Martorell sagt, er habe kein Problem damit, wenn jemand die matances nicht für richtig hält. „Ich respektiere andere Meinungen. Wer etwa keine Stierkämpfe mag, soll nicht hingehen müssen. Aber wenn man schon ein Schwein oder ein Lamm zu ­Hause hat, dass man nutzen möchte, sollte man auch die Möglichkeit dazu haben." Sein Sohn etwa esse zwar gern Fleisch, wolle aber von den matances nichts wissen. „Er erträgt nicht mal den Geruch.
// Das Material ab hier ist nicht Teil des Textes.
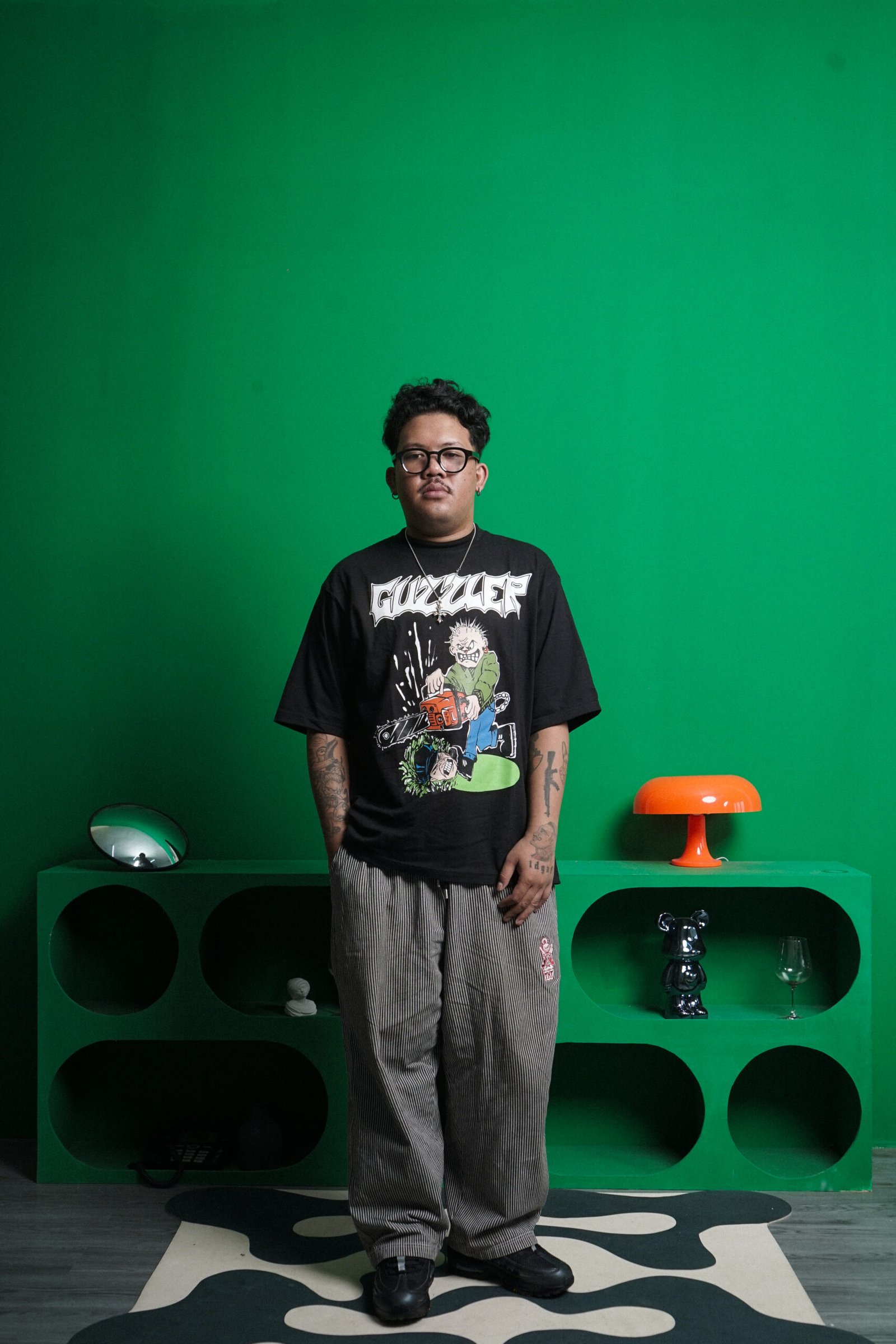Model mengenakan streetwear Guzzler World RETINAL DETACHMENT dengan latar studio hijau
Also lade ich ihn gar nicht mehr ein, wenn wir zu Hause ein Schwein töten."

Früher, sagt Martorell, hatten die matances noch einen ganz anderen Stellenwert. „Wenn die Familie geschlachtet hat, war das ein akzeptabler Grund, um nicht zur Arbeit zu gehen. Heute wäre das undenkbar." Deshalb hat

Martorell praktisch nur noch Aufträge am Wochenende. „Die Arbeit, die ich mache, ist sehr verantwortungsvoll, gerade wenn man in Privathäusern ist. Der Stich muss sitzen. Und beim Aufschneiden muss man auch sehr genau wissen, was man macht, damit man nicht etwa aus Versehen die Innereien aufschneidet."Eine Generation wächst heran, die nicht weiß, wo Lebensmittel herkommen

Ähnlich sieht das Toni Genovart. Er glaubt, dass der Stich in den Hals am besten funktioniert. „Wenn man es richtig macht, ist das Schwein nach weniger als einer halben Minute tot." Probleme mit Tierschützern habe er zwei oder drei Mal gehabt, sagt Genovart. „Sie haben mir vorgeworfen, meine Arbeit nicht richtig zu machen." Auch auf der Straße schauten ihn die Leute manchmal komisch an. „Wenn man etwa die Kleidung voller ­Blutflecken hat, gucken manche, als ob man sonst was wäre. Das verstehe ich nicht. Was glauben die denn, wo das Fleisch herkommt? Mir macht das Angst, was da für eine Generation heranwächst, die nicht mehr weiß, wie ihre Lebensmittel erzeugt werden." Andererseits sehe er aber auch immer wieder Kinder bei den matances, die sich dafür interessierten.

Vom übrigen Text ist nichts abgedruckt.